Aim of the task → Could you transcribe each record below exactly as written, setting the pictures aside?

[Image-text web data]
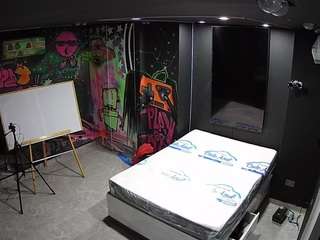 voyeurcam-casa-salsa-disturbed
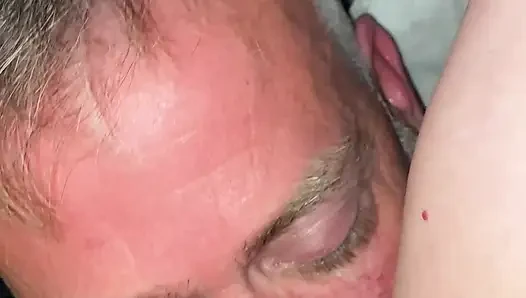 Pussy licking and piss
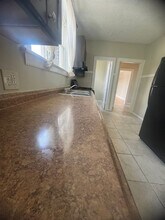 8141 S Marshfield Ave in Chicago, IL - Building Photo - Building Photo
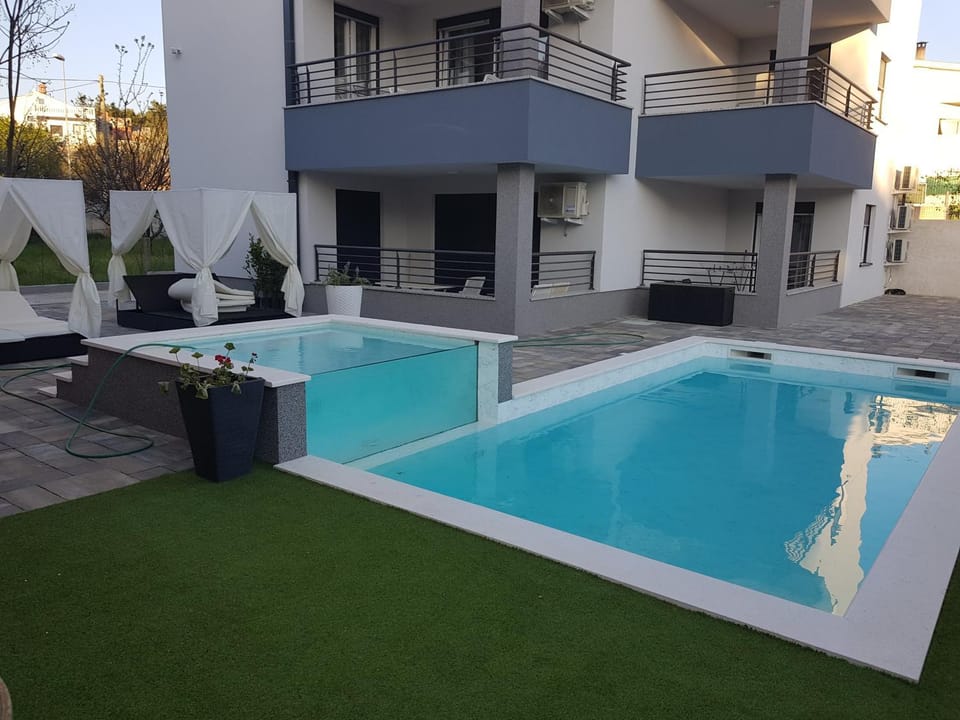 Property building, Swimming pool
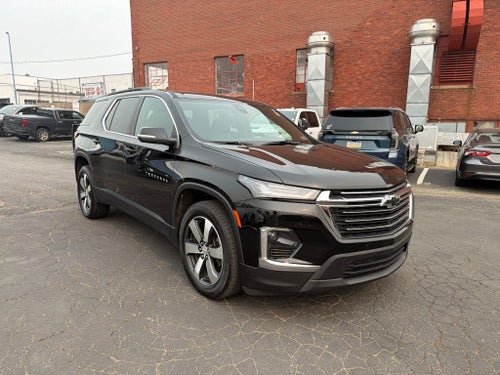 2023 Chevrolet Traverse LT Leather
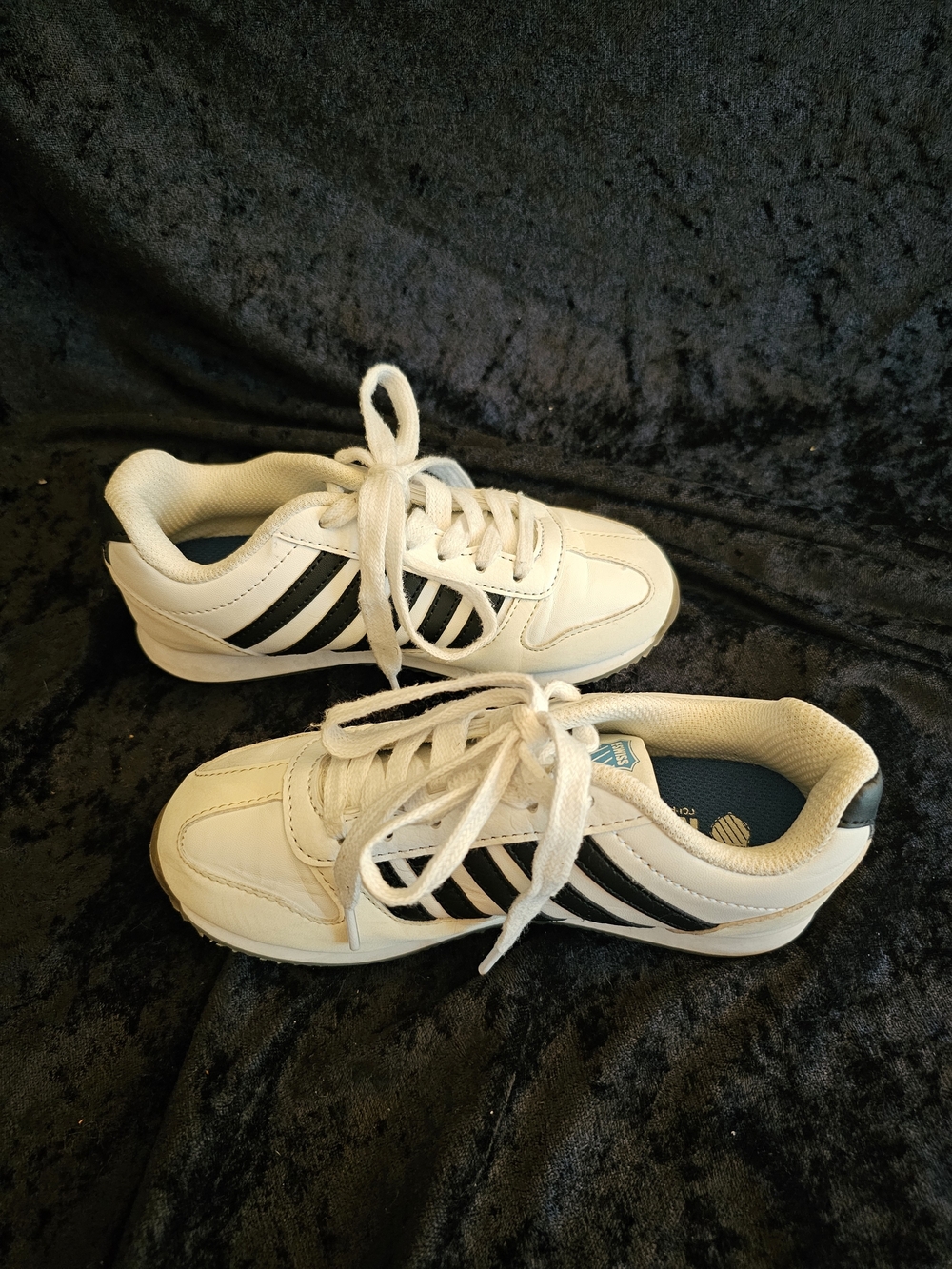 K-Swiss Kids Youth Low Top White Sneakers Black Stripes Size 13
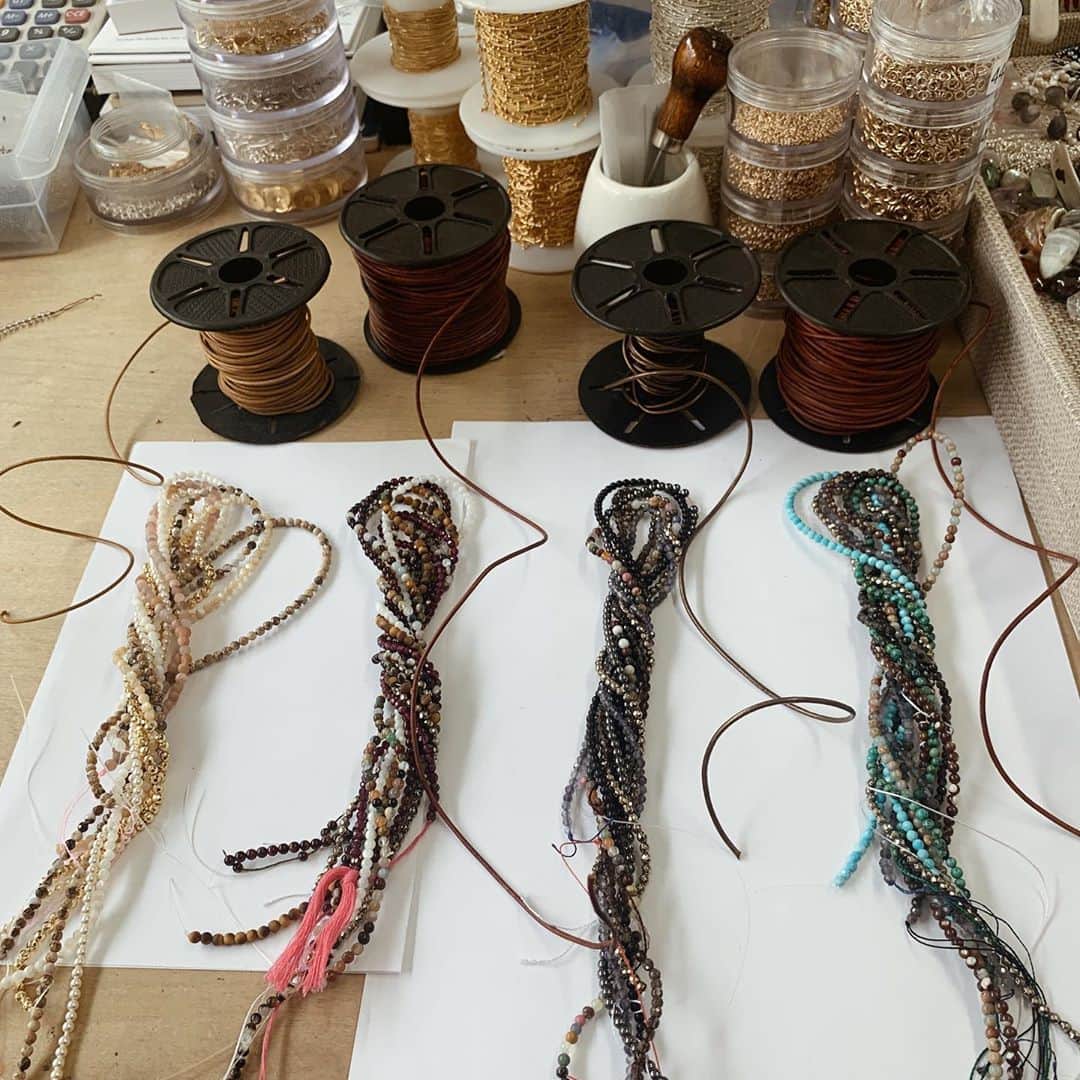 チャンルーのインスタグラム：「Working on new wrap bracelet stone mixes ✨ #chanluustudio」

Solved problem →
 voyeurcam-casa-salsa-disturbed
 Pussy licking and piss
 8141 S Marshfield Ave in Chicago, IL - Building Photo - Building Photo
 Property building, Swimming pool
 2023 Chevrolet Traverse LT Leather
 K-Swiss Kids Youth Low Top White Sneakers Black Stripes Size 13
 チャンルーのインスタグラム：「Working on new wrap bracelet stone mixes ✨ #chanluustudio」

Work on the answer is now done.